Diluting risk
As the credit derivatives market has mushroomed, the need for dedicated management of credit risk within a bank’s portfolio of loans has grown. Alan McNee reports on the increasingly specialized role of credit portfolio manager
The idea of credit portfolio management has taken root in many banks in recent years, and is starting to flourish. Most sizeable institutions in North America and Europe – and many smaller ones too – have moved from a position of buying and holding credit to a buy-and-trade approach.
Until relatively recently this was done by a combination of trade in the secondary loans market and securitization, but the explosive growth of credit derivatives in recent years has added another dimension to credit portfolio management. As a result, bank loan portfolio managers have become increasingly significant participants in the credit markets. They can now buy and sell credit risk and generally behave much more like asset managers than traditional loan managers. There is little doubt that this has had an impact on the bottom line of the banks themselves.
Jack Malvey, chief global fixed-income strategist at Lehman Brothers in New York, says: “On the heels of the 2001 global recession, it’s arguable that the great precision afforded by using credit derivatives has allowed the classic commercial banks to weather the recession and come out in far better shape than they did from the previous downturn in the late 1980s and early 1990s.”

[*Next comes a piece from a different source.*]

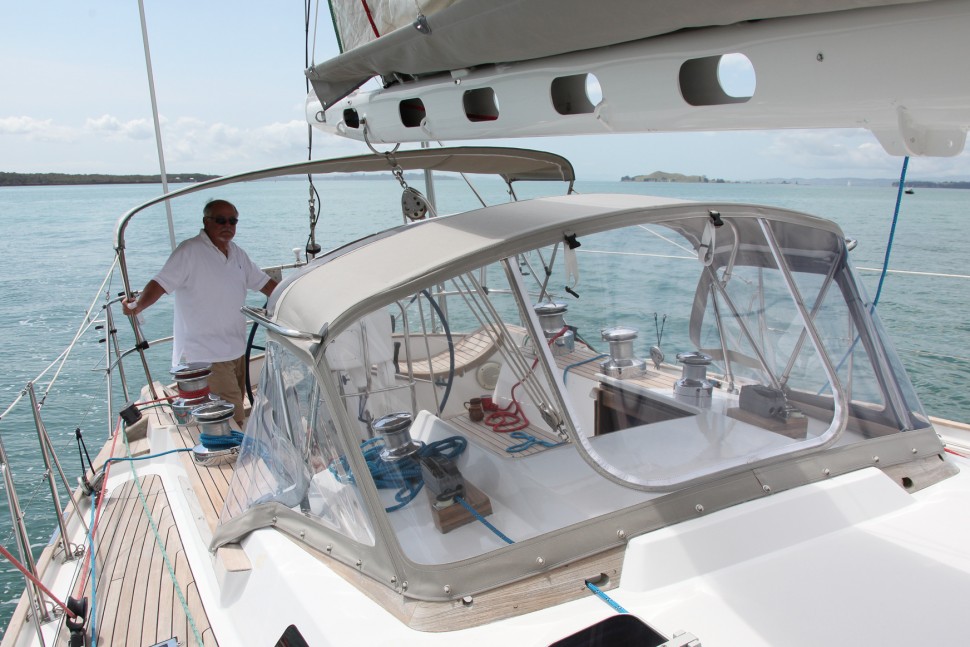 Davidson 20 Dodger.jpg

Credit portfolio management is, in essence, a way of reducing the concentration of credit risk in a particular institution. As Blythe Masters, head of credit portfolio, policy and strategy at JPMorgan, puts it: “The purpose of portfolio management is to attack concentrations of risk. It is concentration, whether on a single obligor or a whole industry, that has been the source of many of the sector’s problems with debt, for example in the telecoms sector.”

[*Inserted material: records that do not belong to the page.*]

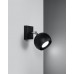 Спот SOLLUX SL.0443 OCULARE 1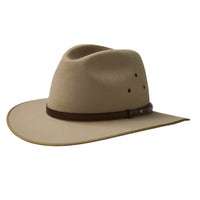 Akubra Coober Pedy Hat
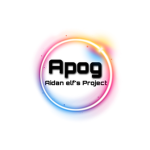 Aidan_elf’s projects|APOG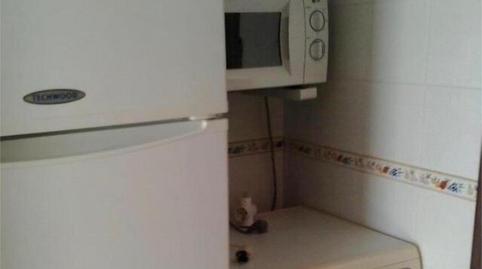 Photo 5 of Flat to rent in Carmona, Sevilla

This approach may have been beneficial to the individual banks, but how has it affected the credit markets? For one thing, it has helped inject a great deal of liquidity. According to the latest figures from the International Swaps and Derivatives Association (Isda), the total notional outstanding for credit derivatives grew by 25% in the first six months of this year, reaching $2.69 trillion. A good deal of that volume growth can be attributed to banks transferring credit risk off their books as a result of more dynamic portfolio management.
“This is now one of the major flows in the credit markets,” says Chris Francis, head of credit derivatives research at Merrill Lynch. “It used to get captured in securitization and in asset swaps, but now a lot of the flow is through the credit default swaps market. Even if people are doing synthetic single-tranche collateralized debt obligations, they tend to be hedging the transactions with credit default swaps.”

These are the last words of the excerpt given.